Clinical studies find α-lipoic acid (ALA) improves erythrocyte total antioxidant capacity (TAC) in G6PD^WT and G6PD^def subjects (NCT02937363ⁱ) [62,63]. However, although ALA improves TAC in the context of exercise induced oxidative stress, it does not change erythrocyte redox response to acute exercise (Table 2) [1]. Taken together, ALA improves TAC in G6PD^WT and G6PD^def at baseline; however, like α-tocopherol, it may not improve response in the face of an acute stressor.
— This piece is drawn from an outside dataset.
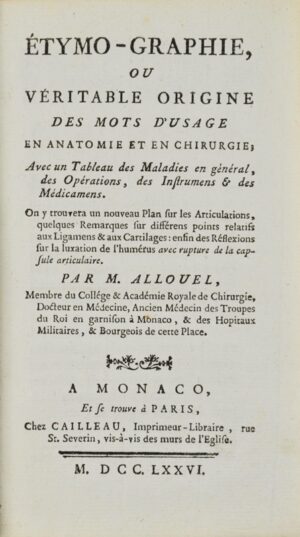 ALLOUEL. Etymo-Graphie - Bonnefoi Livres Anciens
Lessons from Antioxidant Treatments

To date, the majority of treatments have focused on antioxidant therapies; however, these interventions have either triggered hemolysis (ascorbate) or have not prevented AHA in the face of a stressor (α-tocopherol, ALA), despite improvements in hematological parameters. It remains unclear if basal hematological indexes translate into meaningful clinical endpoints. A more appropriate measurement may be a surrogate endpoint; a carefully designed in vitro stress assay on blood withdrawn from human subjects starting and following a treatment regimen. Though, this may present challenging since drugs that cause AHA in vivo may not translate in vitro. A surrogate endpoint may reduce the duration length and cost of clinical trials and be a better indicator of drug efficacy with hematological indices better served as secondary endpoints. Additionally, animal models of G6PD^def may serve as good preclinical models for testing safety and efficacy of new therapeutics; zebrafish, mouse, and C. elegans [1].
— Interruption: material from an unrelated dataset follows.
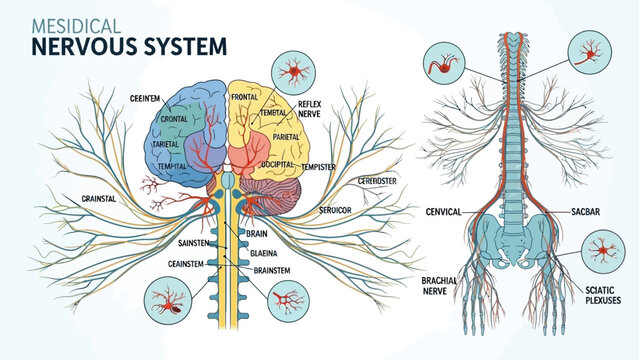 Detailed illustration showcasing the complex anatomical structure of the mesidical nervous system including the brain and spinal cord connections labeled clearly.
GSH Metabolism and NAC Supplementation

Whereas NADPH-dependent GSH regeneration is one way by which the GSH pool can be restored, other metabolic pathways are capable of generating GSH. Studies reveal G6PD^def erythrocytes are metabolically different. At baseline, they have elevated levels of glycolytic metabolites related to NADH and ATP production, with a net increase in ATP levels [64]. However, when challenging G6PD^def erythrocytes with the oxidant diamide, GSH is depleted, and erythrocyte metabolism shifts towards GSH biosynthesis. Consequently, glutamate levels are elevated and metabolites related to ATP consumption increase, triggering glucose uptake by GLUT1 [65]. Yet, in G6PD^def, metabolic reprogramming is insufficient to restore GSH levels towards those seen in G6PD^WT individuals [64].
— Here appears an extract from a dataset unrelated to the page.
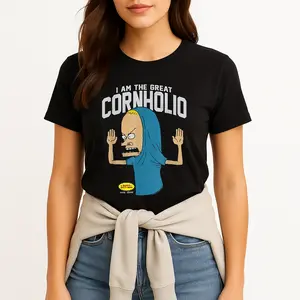 I Am The Great Cornholio Graphic T-Shirt - Beavis & Butt-Head Inspired Design - 180g Premium Cotton - Unisex Casual Tee for Men & Women - Soft Breathable Black Crew Neck Short Sleeve Top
Modeling GSH metabolism in erythrocytes predicts that a 50% increase in plasma L-cysteine (LC) will improve GSH levels when the GSH oxidation rate is increased by 20% [66]. However, a 50% increase in plasma LC levels may be difficult to achieve in vivo; high doses of LC are required to compensate for poor bioavailability but are limited by toxicity [67]. N-acetyl-cysteine (NAC), an LC prodrug, has been developed to improve LC bioavailability and can be delivered orally at high doses, with minimal side effects [68]. In the plasma, NAC undergoes redox exchange reactions with L-cystine, to generate plasma LC at a concentration capable of achieving the maximal rate of GSH synthesis in erythrocytes [69] and LC/NAC increase the rate of GSH biosynthesis in erythrocytes in vitro [70]. However, despite its reputable role as a therapeutic antioxidant, few cases report the use of NAC to treat G6PD^def (Table 2).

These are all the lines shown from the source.